Today I gave a guest lecture to a research methods class for first-year graduate students. Ive alternated between giving talks in English and reading talks in Chinese for the last few years and I havent been satisfied with either approach. So today I decided to try to give a talk in Chinese in the way that I would were I doing this in the U.S., switching to English whenever I needed to.

I decided to begin by talking about the question of how you decide what kind of research is worth doing. I suggested that they do something that I did in graduate school and found very enlightening, which is to go and read journal articles in their area from various periods in the past; long enough ago that the trendy, frothy stuff has disappeared, and they think about what is still interesting after a period of time. I argued that some paradigms that are very clever and complicated are nonetheless bound to be ignored in the future. A good example is the discrimination shift research, which was quite popular from the 1950s-1960s.
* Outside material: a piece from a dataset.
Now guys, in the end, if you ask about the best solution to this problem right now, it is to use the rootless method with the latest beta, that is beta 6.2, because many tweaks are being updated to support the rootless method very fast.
In this paradigm, subjects choose one of two alternatives and are rewarded for right answers. At some point, the rules change, either as an intradimensional shift (i.e., LARGE was right before and now its SMALL) or as an extradimensional shift (i.e., LARGE was right before and now its RED). For adults and monkeys, intradimensional shifts are easier than extradimensional shifts (presumably because theyre learning rules). For preschoolers and rats, its the reverse (presumably because theyre learning items, and half the old items are still correct in extradimensional shifts versus none in intradimensional shifts). But, it was never clear what this told you about learning that might apply to the kinds of things that people actually learn.

So, my argument was, that they should choose issues that 1) involved something that made a real difference in peoples lives (e.g., how well you can read has profound consequences; so does whether you get married or not), and 2) try to study it in ways that preserves as much as possible of the phenomenon in its natural state.
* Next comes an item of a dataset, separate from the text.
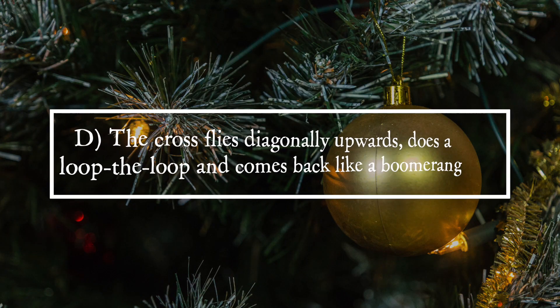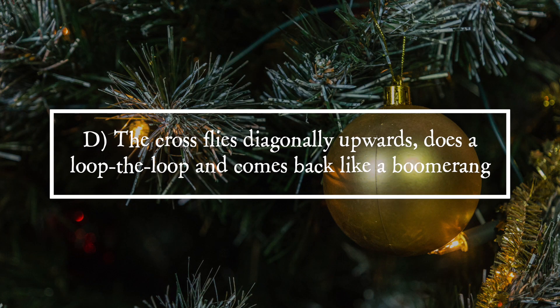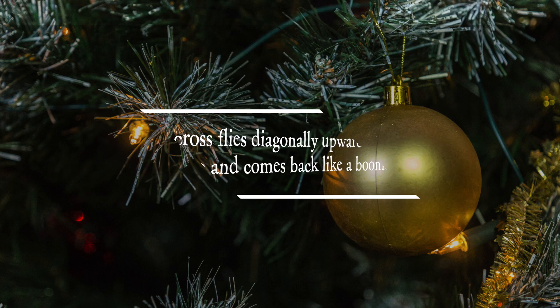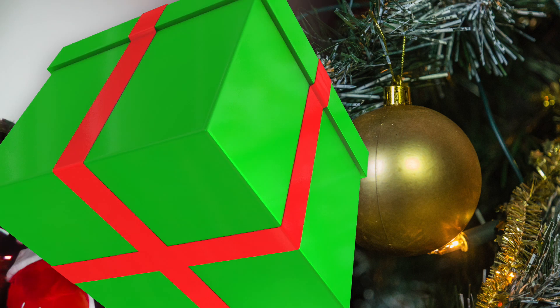It is answer D. The cross flies diagonally upwards, does a loop-the-loop and comes back like a boomerang.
So this led nicely into presenting SMIL and Sujais wonderful examples, the subtitled U.S. small-group method video and some results from the first viewing study, and the developmental eye-tracking reading study.
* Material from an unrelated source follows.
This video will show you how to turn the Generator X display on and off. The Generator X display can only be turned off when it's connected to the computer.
I talked for about an hour and then there were questions for about half an hour. I had trouble with questions asked in Chinese, I think in large part because people get excited when theyre asking questions and talk really fast, but the questions were very good.

Then I had lunch with Shu Hua and Dong Qi, and discussed the development of the school of psychology here, and the university in general. We passed by a scale model of the campus, and Dong Qi told me that theyre in the process of building a new, larger campus in the Bei Sha Tanr area, north of the Institute of Psychology and just West of the Olympics area. Psychology will stay in the current campus, but may be able to expand here. As it is, the psychology program has taken over a remarkable proportion of the Ying Dong building, and theyre in the process of doing a very nice remodeling job for the research labs. I saw the new eye-movement rooms, and look forward to working there next time I come.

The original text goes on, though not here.